TSA to put smart cards in play

TSA CIO Patrick Schambach says the smart-card pilot for employees will go ahead after a congressional OK.

Henrik G. DeGyor

The Transportation Security Administration is forging ahead with a smart-card pilot and airline passenger-screening project, despite an anticipated multimillion-dollar budget shortfall next year.

For fiscal 2004, the agency expects to receive $500 million less than it requested in the proposal it sent to the Office of Management and Budget, CIO Patrick Schambach said. In the budget he sent to Congress, President Bush earmarked $4.81 billion for TSA.

Even so, TSA leaders said they won't delay their Transit Worker Identification Credential project. Through the TWIC effort, TSA wants to issue smart cards'to public- and private-sector workers'for physical and network entry at several transportation nodes across the entire nation, including ports, railways and airports.

The agency could issue a request for proposals as early as this month, said Schambach, who acknowledged that the agency must still sort out the funding gap. 'That's still going to go forward,' he said.

And, the agency this month awarded a five-year, $12 million contract to Lockheed Martin Corp. to build the nationwide passenger-screening system. Through the Computer Assisted Passenger Prescreening System II project, TSA wants to check information submitted by passengers when making airline reservations against terrorist watch lists and other records. CAPPS II would validate the information before someone boards a plane, TSA officials said.

As for the smart-card pilot, TSA first suggested its development in 2002. But the program hit holdups, partly because Congress felt the agency had over-reached realistic expectations.

Back on track

Having won over lawmakers for this year, the first phase'a four-month evaluation of six types of cards at six small entry points'was scheduled to have gotten under way already.
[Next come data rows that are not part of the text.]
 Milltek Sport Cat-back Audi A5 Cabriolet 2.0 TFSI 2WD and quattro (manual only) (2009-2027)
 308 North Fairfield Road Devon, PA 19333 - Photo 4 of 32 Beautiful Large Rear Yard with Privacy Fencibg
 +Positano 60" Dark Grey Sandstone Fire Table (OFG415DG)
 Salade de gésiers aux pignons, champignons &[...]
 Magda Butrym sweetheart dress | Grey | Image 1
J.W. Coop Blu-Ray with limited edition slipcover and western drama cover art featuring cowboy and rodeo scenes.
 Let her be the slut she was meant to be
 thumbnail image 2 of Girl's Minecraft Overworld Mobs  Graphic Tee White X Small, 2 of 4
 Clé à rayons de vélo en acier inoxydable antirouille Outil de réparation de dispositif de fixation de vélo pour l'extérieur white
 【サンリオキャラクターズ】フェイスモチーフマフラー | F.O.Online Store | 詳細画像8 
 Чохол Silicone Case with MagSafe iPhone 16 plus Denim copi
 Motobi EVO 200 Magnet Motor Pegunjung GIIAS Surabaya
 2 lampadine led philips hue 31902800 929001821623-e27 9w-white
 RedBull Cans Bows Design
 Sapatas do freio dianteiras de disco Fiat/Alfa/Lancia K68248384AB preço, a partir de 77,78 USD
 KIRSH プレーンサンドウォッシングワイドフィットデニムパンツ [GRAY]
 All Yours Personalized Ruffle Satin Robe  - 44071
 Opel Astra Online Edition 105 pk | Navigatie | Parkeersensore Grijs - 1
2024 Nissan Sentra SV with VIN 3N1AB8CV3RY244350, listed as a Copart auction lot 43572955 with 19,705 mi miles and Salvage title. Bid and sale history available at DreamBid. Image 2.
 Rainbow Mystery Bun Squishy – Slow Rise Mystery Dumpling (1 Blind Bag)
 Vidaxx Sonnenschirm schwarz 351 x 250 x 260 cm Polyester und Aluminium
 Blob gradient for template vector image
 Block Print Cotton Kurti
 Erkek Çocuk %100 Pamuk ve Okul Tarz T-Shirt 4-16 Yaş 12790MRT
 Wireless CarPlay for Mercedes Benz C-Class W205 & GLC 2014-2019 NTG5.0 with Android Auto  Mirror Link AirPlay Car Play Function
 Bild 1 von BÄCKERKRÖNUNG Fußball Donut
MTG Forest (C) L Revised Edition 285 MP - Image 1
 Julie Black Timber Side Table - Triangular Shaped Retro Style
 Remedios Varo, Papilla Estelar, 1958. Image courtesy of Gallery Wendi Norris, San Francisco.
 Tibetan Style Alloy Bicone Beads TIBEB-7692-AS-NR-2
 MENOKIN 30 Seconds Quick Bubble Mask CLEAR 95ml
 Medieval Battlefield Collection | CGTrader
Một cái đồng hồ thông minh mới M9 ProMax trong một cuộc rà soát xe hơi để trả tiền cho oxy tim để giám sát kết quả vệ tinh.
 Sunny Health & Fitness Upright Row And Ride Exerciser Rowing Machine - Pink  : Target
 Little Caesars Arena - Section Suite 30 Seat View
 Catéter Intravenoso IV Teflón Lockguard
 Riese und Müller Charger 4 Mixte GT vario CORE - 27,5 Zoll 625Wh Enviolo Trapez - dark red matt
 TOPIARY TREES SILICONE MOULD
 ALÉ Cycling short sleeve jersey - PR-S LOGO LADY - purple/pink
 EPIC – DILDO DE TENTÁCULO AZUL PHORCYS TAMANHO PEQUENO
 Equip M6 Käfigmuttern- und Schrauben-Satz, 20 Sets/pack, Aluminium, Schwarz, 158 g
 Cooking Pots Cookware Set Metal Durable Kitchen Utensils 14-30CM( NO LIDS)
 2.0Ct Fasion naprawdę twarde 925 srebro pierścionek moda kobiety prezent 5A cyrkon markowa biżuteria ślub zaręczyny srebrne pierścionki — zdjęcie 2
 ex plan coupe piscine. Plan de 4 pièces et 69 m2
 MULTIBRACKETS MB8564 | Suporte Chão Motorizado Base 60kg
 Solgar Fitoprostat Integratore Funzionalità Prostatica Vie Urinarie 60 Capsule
But TSA officials said they had to spend longer than anticipated scoping out pilot sites in the Philadelphia-Wilmington region in the east and the Long Beach-Los Angeles area in the west, and narrowing down the list of technologies.

The agency expects to begin a five-month technical evaluation in a few weeks. A prototype of the preferred technology would take another seven months, pushing the earliest date for full implementation into next year.

'It was a matter of getting out, identifying areas and facilities,' said James Sharp, stakeholder manager for the TWIC program. 'I think as we got into it, maybe that [original timeline] was pushing it too quickly.'

Although it OK'd the project for this year, lawmakers voiced their concerns about the technology TSA would test.

A House Appropriations Committee report accompanying the Transportation Department appropriations bill for fiscal 2003 discouraged TSA from developing new technologies 'if existing ones, already developed by other federal agencies, are good enough.'

Lawmakers endorsed a laser-optical smart card already in use at the Immigration and Naturalization Service for green cards. Datatrac Information Services Inc. of Richardson, Texas, developed the laser-optical card for INS.

The recommendation led TSA to widen the circle of products it was considering beyond the first product descriptions it included in a June solicitation.

'We're not ruling out anything and have tried to make sure the door is open to every technological solution,' Sharp said, but declined to comment directly on the report. 'We're still finalizing the list.'

Randy Vanderhoof, executive director of the nonprofit Smart Card Alliance Inc. of Princeton Junction, N.J., said the waiting game should be near its end. 'I believe TSA has satisfied those concerns,' he said, reeling off a list of standards-ready card technologies under discussion, including laser-optical, magnetic-stripe and 2-D bar code.

TWIC check

For this year the agency received $35 million for TWIC, and lawmakers identified the pilot as a top TSA priority despite earlier criticisms from House and Senate leaders.

In 2002, both houses held back funding for TWIC. In the report attached to this year's funding bill, House Appropriations reiterated its earlier concerns. Chiefly, it called the idea of assigning single-card access to hundreds of workers at dozens of entry points is 'so grandiose as to be infeasible and unworkable.'

Even with a hand from industry, 'it is unlikely that consensus across all the affected industries could be reached,' the committee noted.

But TSA leaders have refused to turn their backs on TWIC.

Trucker's lament

'We have a trucker who has paid for 23 separate background investigations to enable him to have 23 separate credentials to get from Point A to Point B to Point C,' said Adm. James M. Loy, undersecretary of Transportation for security, speaking in late January at a U.S. Conference of Mayors meeting.

'We have an endless list of people associated with the transportation sector ... that we need to have confidence in, allowing them unescorted access into certain corners of the transportation system,' Loy said.

As for the passenger-screening project, Loy said CAPPS II would transfer identity-checking responsibility from the airlines to TSA.

The trade-off, Loy said, won't put passengers' private information at risk'a concern he called understandable and one raised vociferously by privacy advocacy groups in the past weeks. The system will gather from airlines a passenger's full name, address, telephone number and birth date.

It will improve the 'process by which we select those few people for additional scrutiny before we allow them on an aircraft,' Loy said.